Planet updates

I've just deployed a new version of the code that runs http://planet.postgresql.org. Most of this code was written by Selena and me during the initial days at PGCon. It just needed some minor polishing, which I didn't get around to until now. So, the new things are:

Support for Team blogs : This is just a grouping of existing blogs, not actually something new we parse. The idea is to give some exposure to a team someone works for - for example, a specific PostgreSQL support company.

Top posters list : The list of all subscriptions has been replaced with a list of top posters. The list was becoming a bit too large to manage, and didn't really fill a purpose. And it was hard to integrate nicely with the Team blogs feature.

There has also been a bunch of internal changes : Details available in the git repo on http://git.postgresql.org.

If you want to make use of the Team blogs feature, this has unfortunately not been implemented in the admin interface.

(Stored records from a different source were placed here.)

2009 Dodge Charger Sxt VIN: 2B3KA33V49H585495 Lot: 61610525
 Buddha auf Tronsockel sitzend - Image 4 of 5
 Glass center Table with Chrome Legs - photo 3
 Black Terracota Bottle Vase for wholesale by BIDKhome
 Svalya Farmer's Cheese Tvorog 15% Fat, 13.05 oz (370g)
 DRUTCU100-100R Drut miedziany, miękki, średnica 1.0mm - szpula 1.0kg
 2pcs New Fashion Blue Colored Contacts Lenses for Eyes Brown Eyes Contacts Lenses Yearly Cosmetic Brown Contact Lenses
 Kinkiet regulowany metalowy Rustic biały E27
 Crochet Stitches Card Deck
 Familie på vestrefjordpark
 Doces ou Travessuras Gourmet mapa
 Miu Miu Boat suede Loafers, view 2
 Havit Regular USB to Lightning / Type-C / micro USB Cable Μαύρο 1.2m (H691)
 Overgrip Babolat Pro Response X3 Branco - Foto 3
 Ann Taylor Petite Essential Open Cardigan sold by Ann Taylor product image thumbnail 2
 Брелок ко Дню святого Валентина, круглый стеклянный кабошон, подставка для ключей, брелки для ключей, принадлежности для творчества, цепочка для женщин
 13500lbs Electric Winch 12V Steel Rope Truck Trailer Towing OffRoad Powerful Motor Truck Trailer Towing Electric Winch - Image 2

We (well, me, really) were just a bit too lazy for that. So if you want to make use of it, please just send an email to planet@postgresql.org letting us know what name you want for the team, and which blogs to add to it (these blogs should already be subscribed to planet).

Getting a range of entries centered around a point

I had a question yesterday on an internal IRC channel from one of my colleagues in Norway about a SQL query that would "for a given id value, return the 50 rows centered around the row with this id", where the id column can contain gaps (either because they were inserted with gaps, or because there are further WHERE restrictions in the query).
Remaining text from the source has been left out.